How do I align two arrays after I've sorted 1 one of them?

Question

I have two list which their values match with each others positions. So Jon's score would be 123 and Bede's would be 11 etc.

name = ["Jon", "Bede", "Joe"]
score = [123, 11, 43]

How is it possible to order the the list so that it outputs the smallest score first ascending to the highest score, each time outputting the name of the person who scored it.

Answer 1

You can use zip(...) to aggregate the two lists together; then sort; then use zip(*...) to unzip the result.

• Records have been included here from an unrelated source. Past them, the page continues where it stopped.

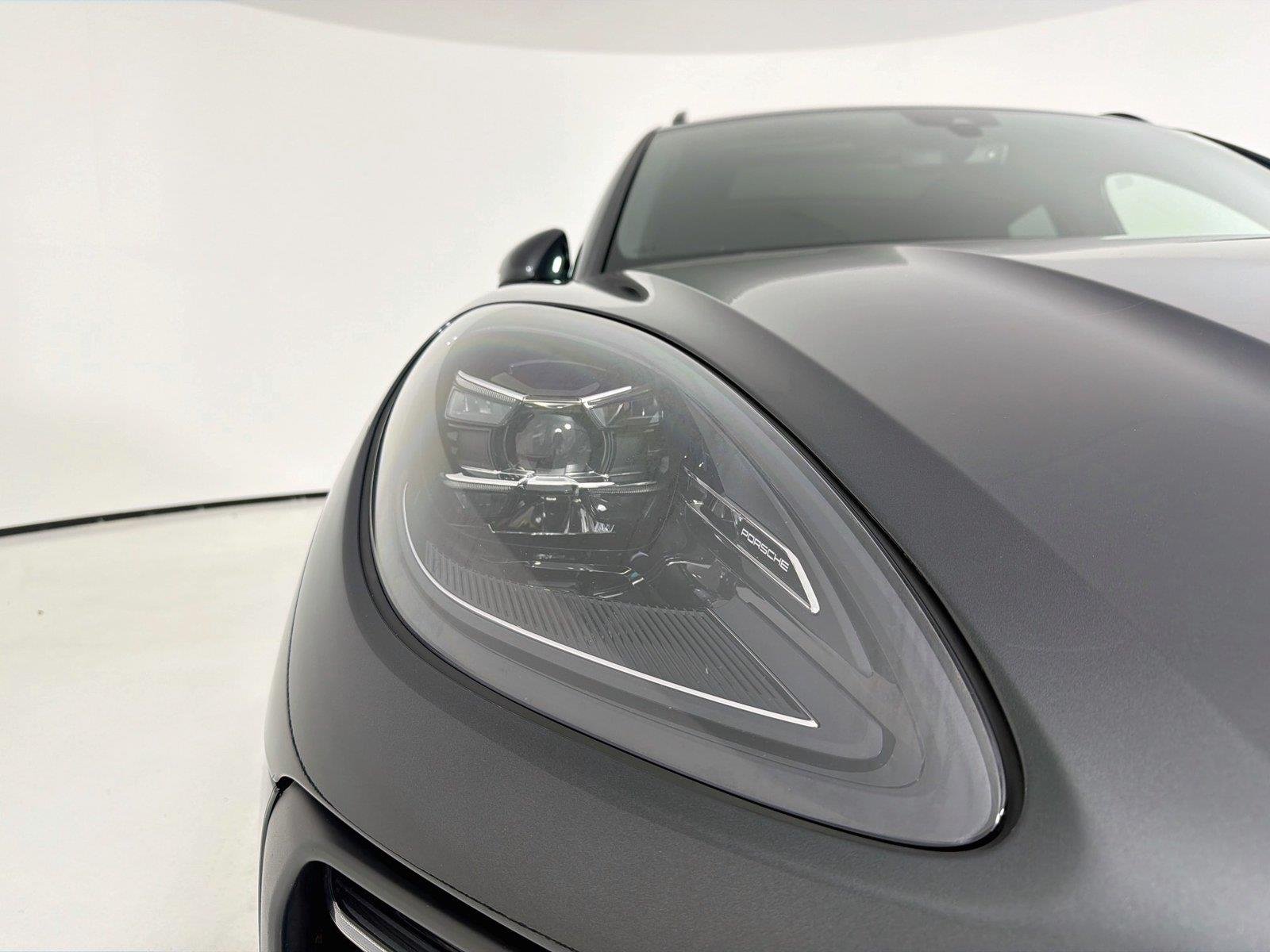 Used 2023 Volcano Grey Metallic Porsche  image 13
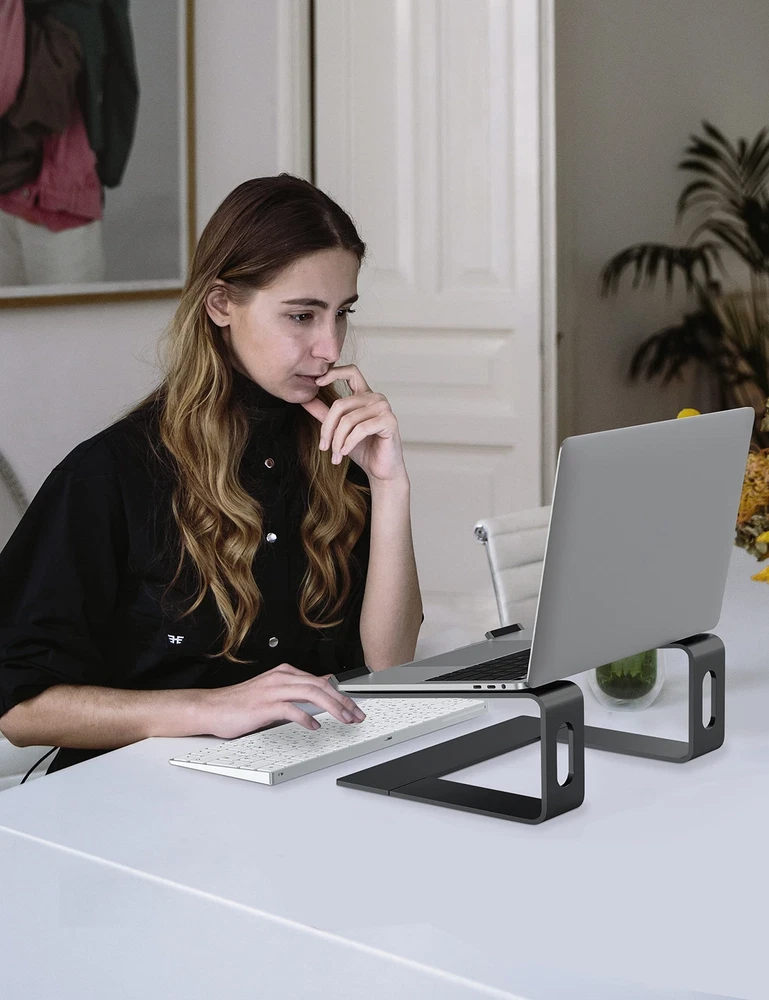 Aluminum Laptop Stand for Desk – Ergonomic & Adjustable Computer Riser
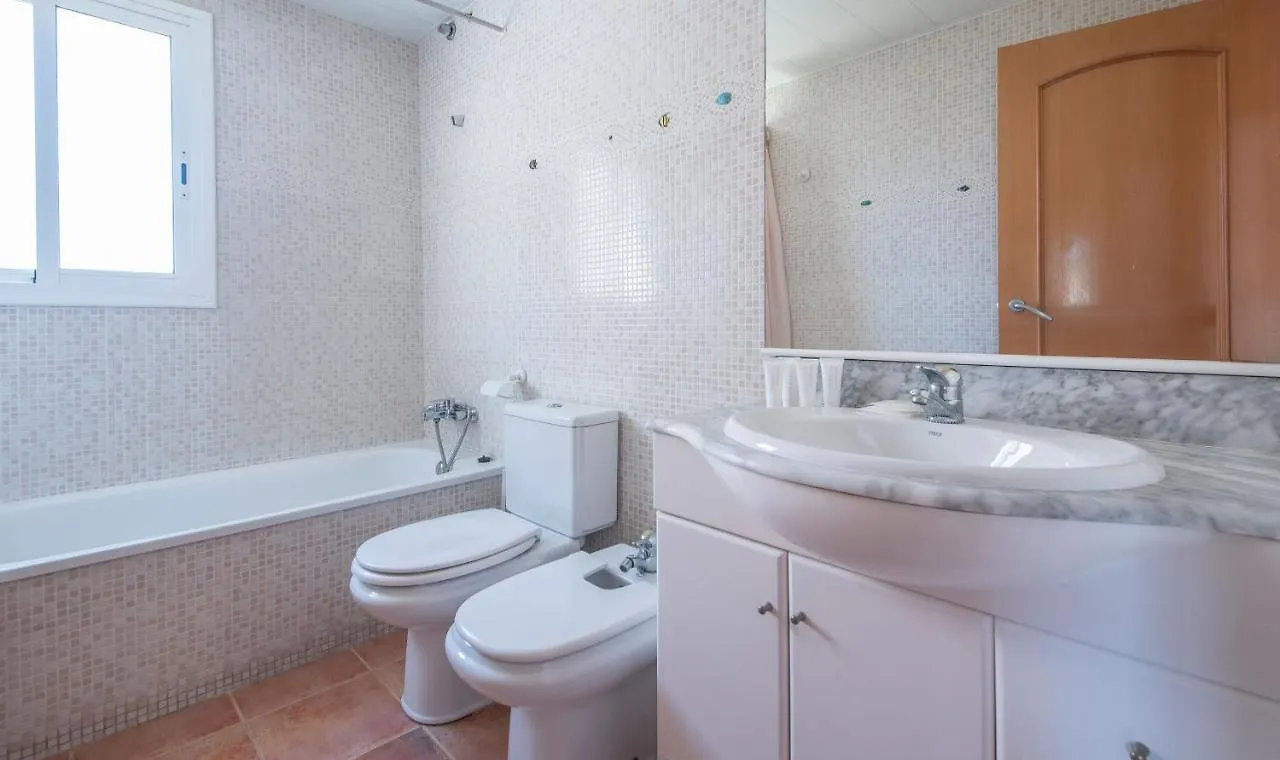 R140 Manila Resort Jardin Calafell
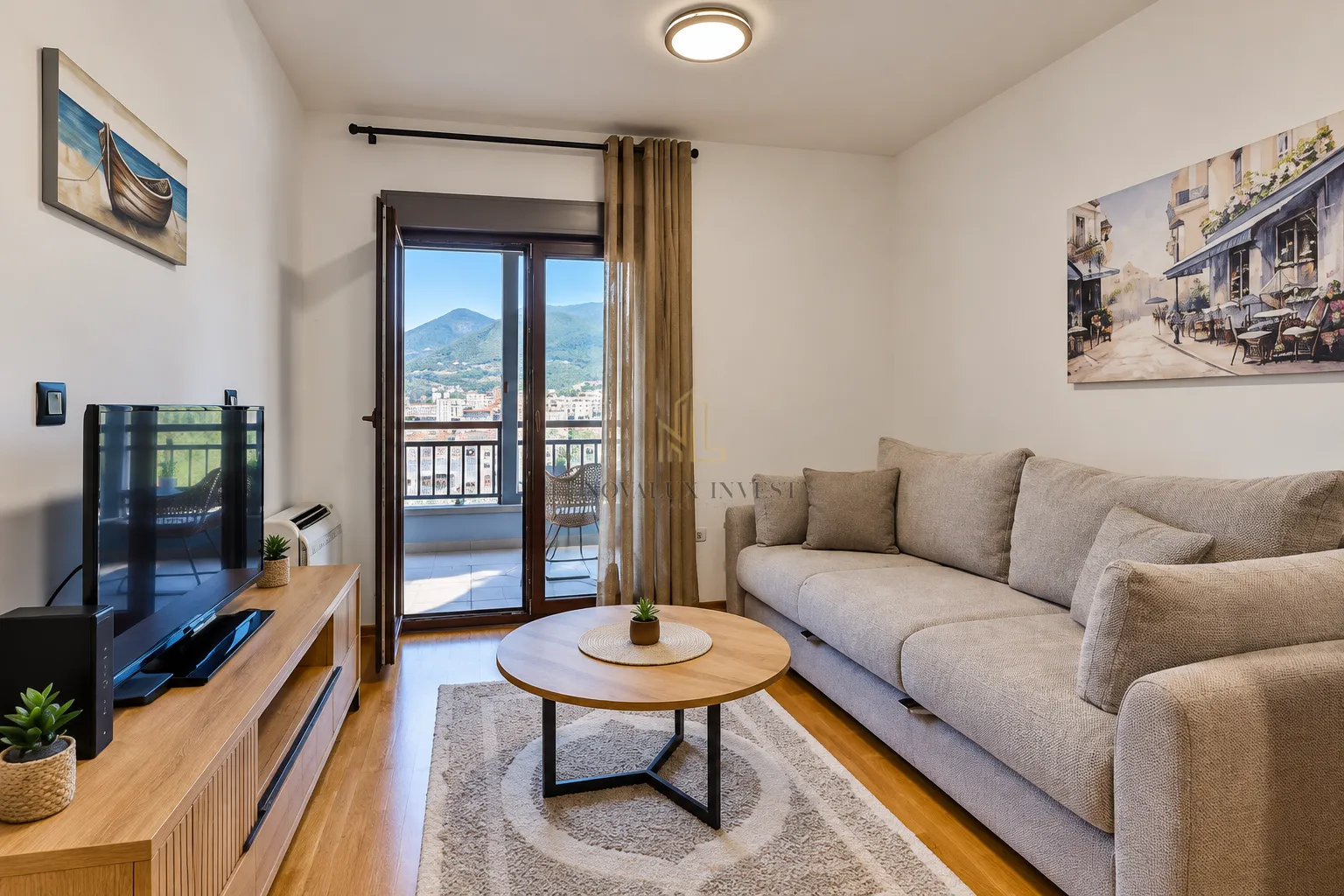 Living room with sofa, TV and access to the terrace.
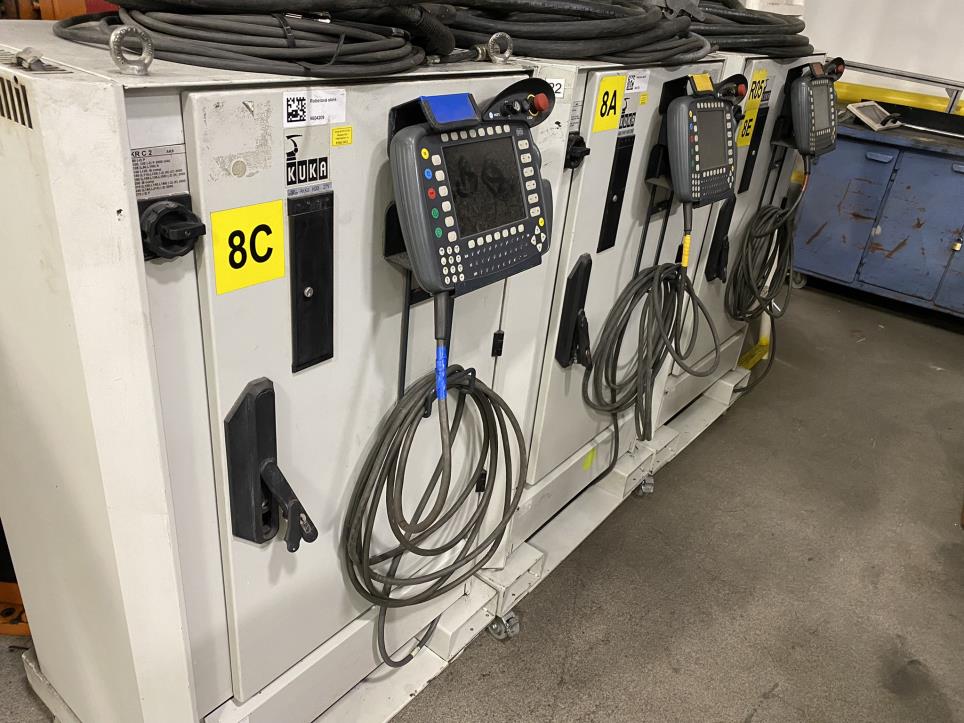 Roboty przemysłowe, maszyny do obróbki metalu, urządzenia pomiarowe i testujące itp.-7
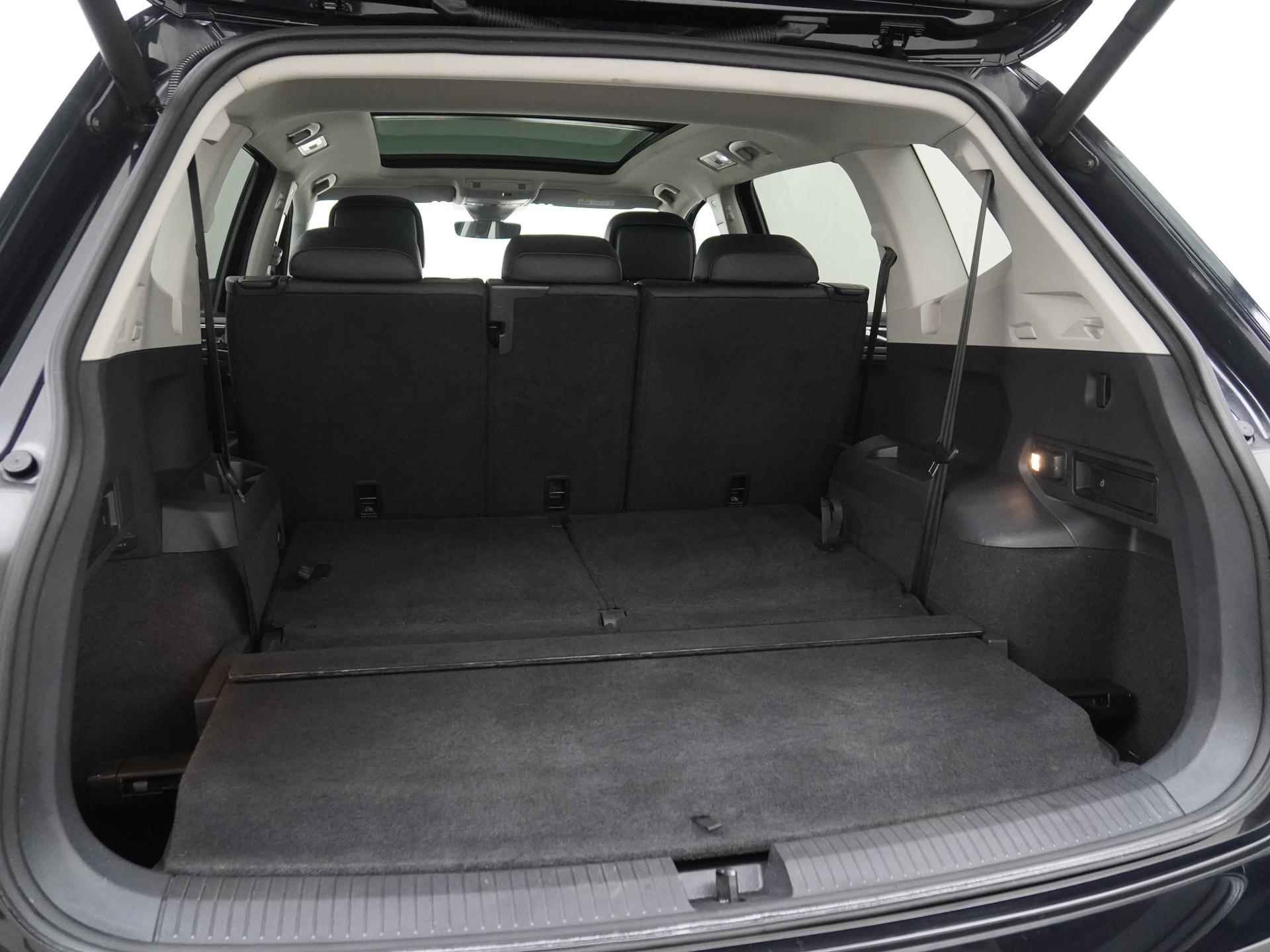 Volkswagen Tiguan Allspace 1.5 TSI Highline DSG | 7 Persoons | Active Info Display | Panoramadak | Leder | Zondag Open! - 22/46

name = ["Jon", "Bede", "Joe"]
score = [123, 11, 43]
newscore, newname = map(list, zip(*sorted(zip(score, name))))
print(newname)
print(newscore)
# ['Bede', 'Joe', 'Jon']
# [11, 43, 123]

Answer 2

What about this one?

name = ["Jon", "Bede", "Joe"]
score = [123, 11, 43]

for i in sorted(zip(name, score), key=lambda x:x[1]):
    print(i[0], i[1], sep=': ')

Output:

Bede: 11
Joe: 43
Jon: 123

Answer 3

Instead of sticking with a pair of parallel lists, try turning them into a dictionary for easier access. You can then sort the dictionary by its keys with the key argument:

name = ["Jon", "Bede", "Joe"]
score = [123, 11, 43]
results = dict(zip(name, score))
for k in sorted(results, key=results.get):
    print('{}: {}'.format(k, results[k]))

Result:

Bede: 11
Joe: 43
Jon: 123

Answer 4

If you have two lists, where the indices are correlated, it is very difficult to keep them in sync. The solution python has, is one list of tuples, where the first element in each tuple is the name and the second one is the score:

names_with_score = [
    ("Jon", 123),
    ("Bede", 11),
    ("Joe", 43),
]
names_with_score.sort(key=lambda x: x[1]) # sort with the second element

If you have no control over how the data is delivered, you might join to lists with the zip-function:

names_with_score = zip(name, score)

Answer 5

for s, n in sorted(zip(score, name)): # sort by score.
    print(n, s)

Answer 6

This merges the lists, if you don't mind that:

sorted(zip(name,score))